> [Exercise description]: For this exercise, write out only the lines of the entries below from the one with "上海進口博覽會布展圖片" up to and including the one with "Frame Denim Le", exactly as they are. Pictures stay out.

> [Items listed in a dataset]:
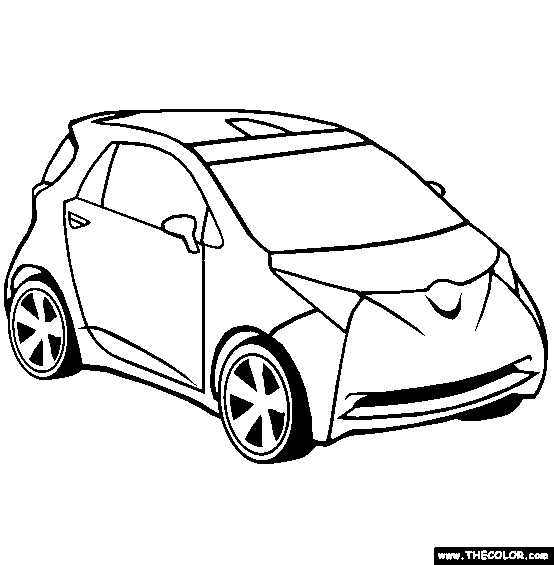 554x565 Supercars And Prototype Cars Online Coloring Pages Page 1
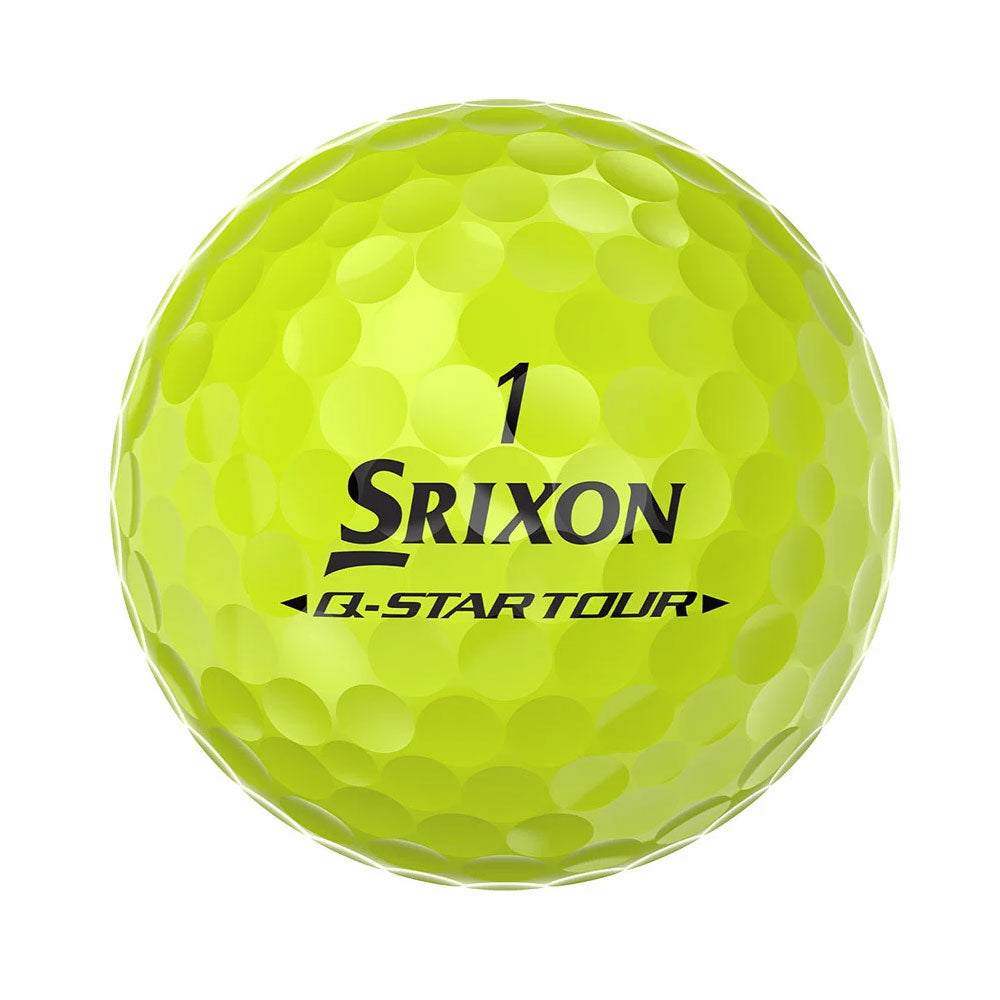 Srixon Q-Star Tour 6 Divide Orange/Yellow Golf Balls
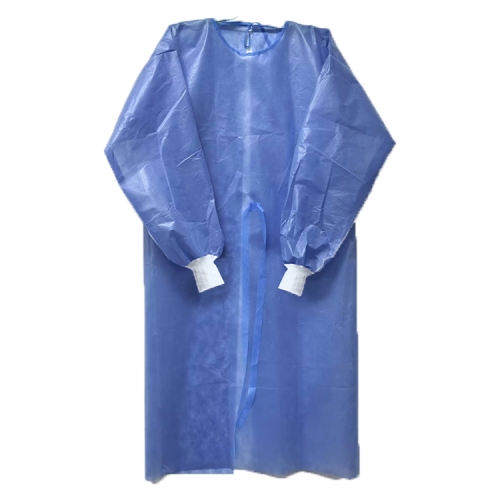 Disposable Sterile Isolation Gown / pp+pe / Knitted cuff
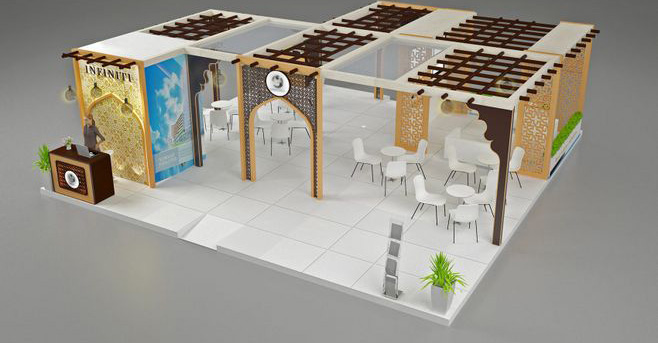 上海進口博覽會布展圖片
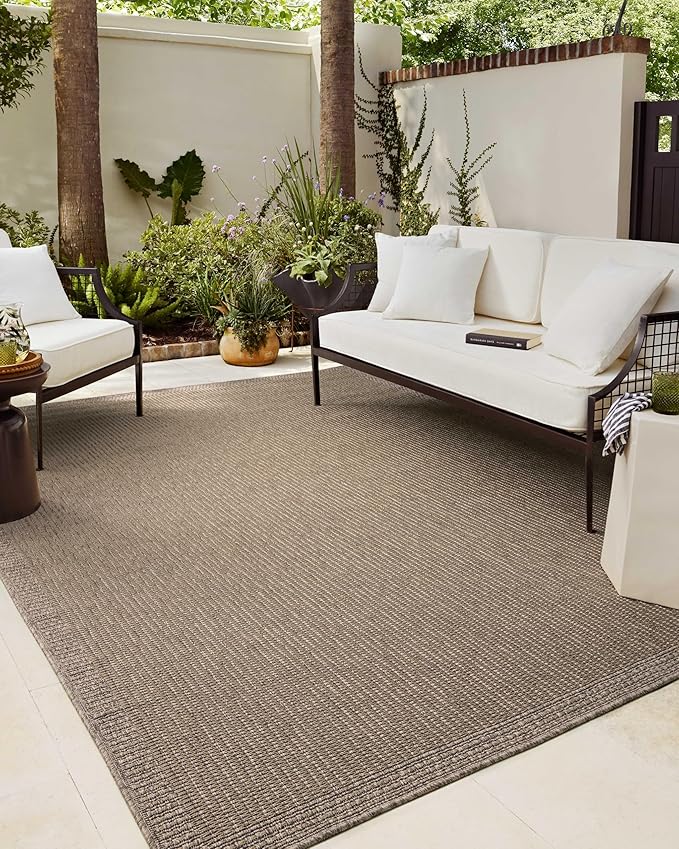 Loloi Chris Loves Julia Providence Collection PRC-02 Natural/Sand 7'-6" x 10', .12" Pile Height, Indoor/Outdoor Area Rug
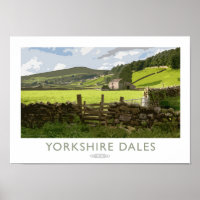 Poster ferroviaire Yorkshire Dales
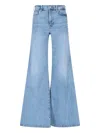 Frame Denim Le Slim Canals Raw After Palazzo Jean In Colorado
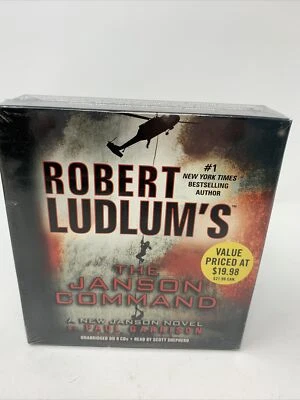 THE JANSON COMMAND unabridged audio book on CD by ROBERT LUDLUM - Brand New! - Image 1 of 4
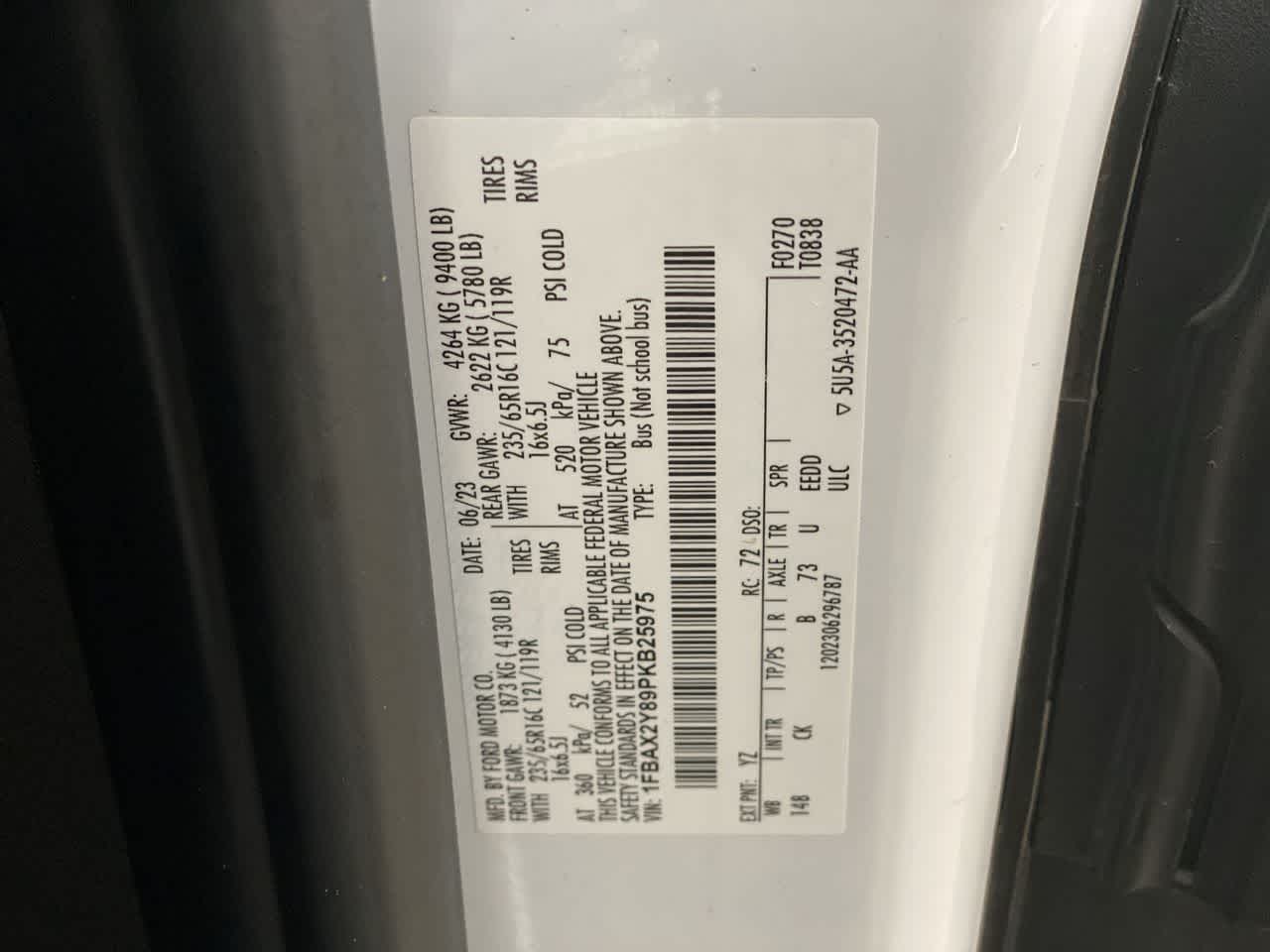 Thumbnail: 2023 Ford Econoline - 30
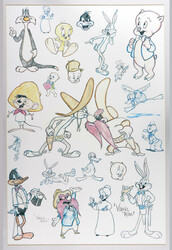 Virgil Ross Bugs n Friends Vintage Lithograph Hand Signed, measures ...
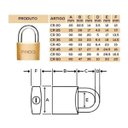 Ver imagem 5 de Cadeado Pado Latão 40mm Pado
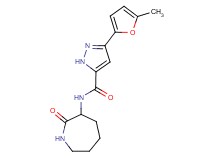 3-(5-methyl-2-furyl)-N-(2-oxo-3-azepanyl)-1H-pyrazole-5-carboxamide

> [Solution to this exercise]:
 上海進口博覽會布展圖片
 Loloi Chris Loves Julia Providence Collection PRC-02 Natural/Sand 7'-6" x 10', .12" Pile Height, Indoor/Outdoor Area Rug
 Poster ferroviaire Yorkshire Dales
 Frame Denim Le Slim Canals Raw After Palazzo Jean In Colorado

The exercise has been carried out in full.